▶ **Instructions to follow**:
Transcribe all of the data verbatim, please, and leave out its pictures.

▶ **Data provided**:
---
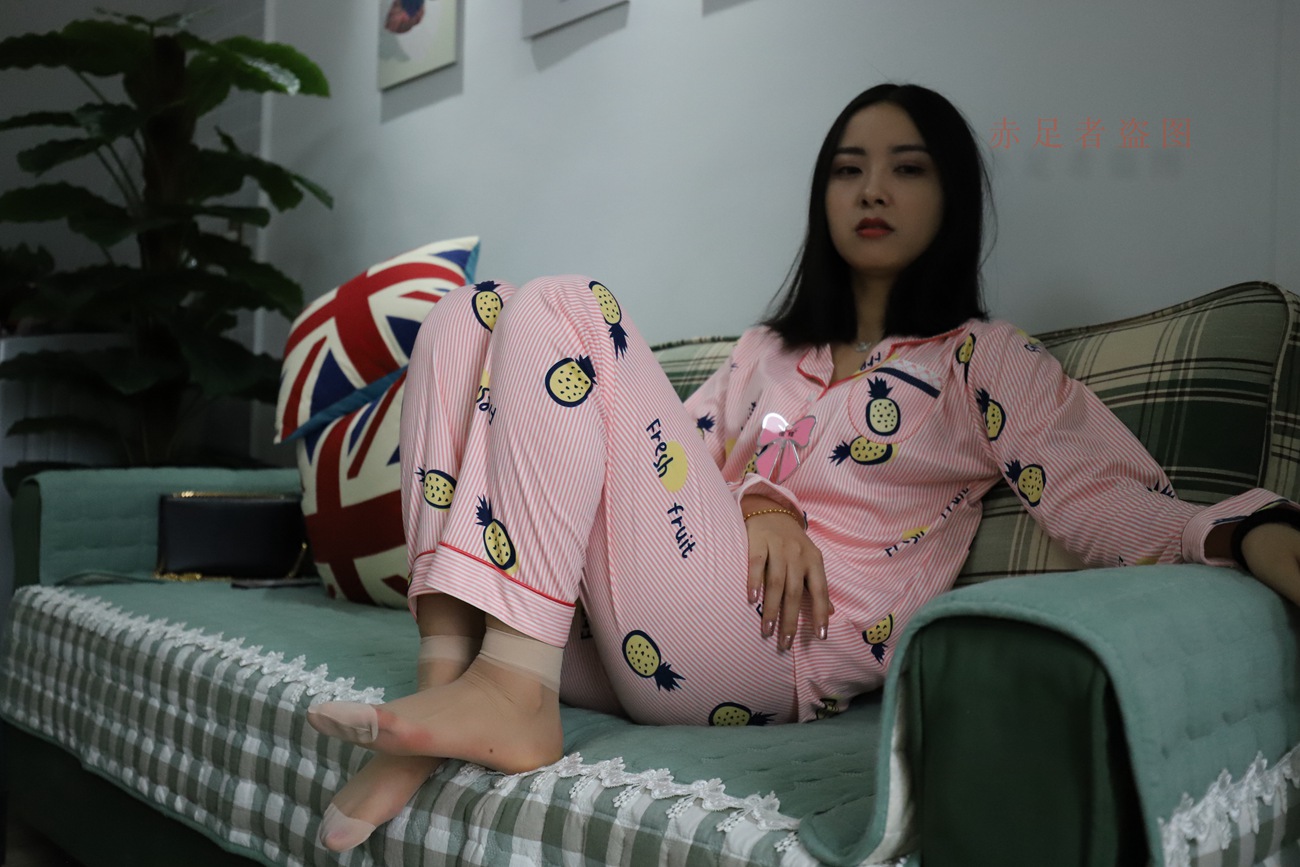 图片[102]-大西瓜爱牙膏-2018 6月活动 模特2（二） 尝试搭讪 短丝+船袜 [252P] – 速更版-美库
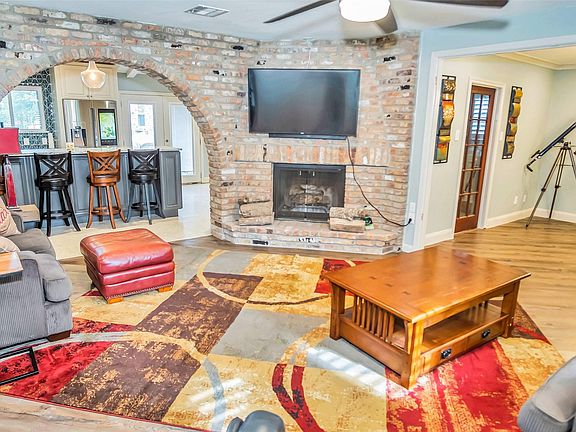 4th image of 2810 Westchester Cir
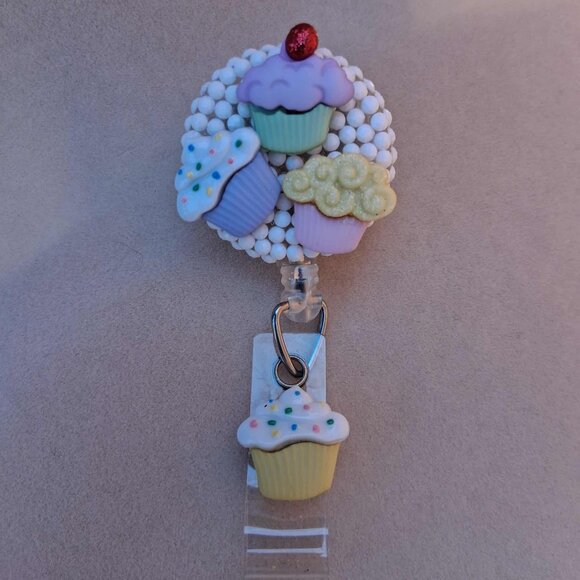 Cupcake Badge Reel - Picture 1 of 2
---
▶ **Your solution**:
 图片[102]-大西瓜爱牙膏-2018 6月活动 模特2（二） 尝试搭讪 短丝+船袜 [252P] – 速更版-美库
 4th image of 2810 Westchester Cir
 Cupcake Badge Reel - Picture 1 of 2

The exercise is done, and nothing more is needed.